▸ **DATASET EXTRACT**:
::::::
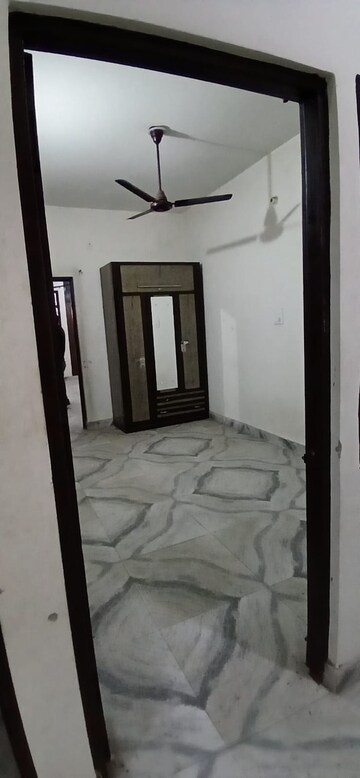 Room in 2 BHK Builder Floor at Arun Yamuna Enclave, Sector 30 – for Rent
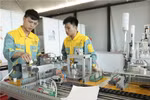 Nỗi lo "tân quan, tân chính sách" và những giải pháp kiểu "giật gấu vá vai"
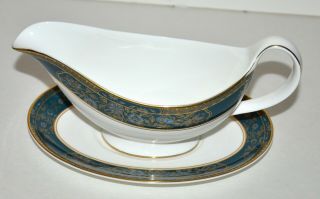 Royal Doulton China Carlyle Gravy Boat With Underplate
::::::
▸ **EXERCISE AIM**: The expected answer is an unaltered copy of the listing, images removed.

▸ **YOUR RESPONSE**:
 Room in 2 BHK Builder Floor at Arun Yamuna Enclave, Sector 30 – for Rent
 Nỗi lo "tân quan, tân chính sách" và những giải pháp kiểu "giật gấu vá vai"
 Royal Doulton China Carlyle Gravy Boat With Underplate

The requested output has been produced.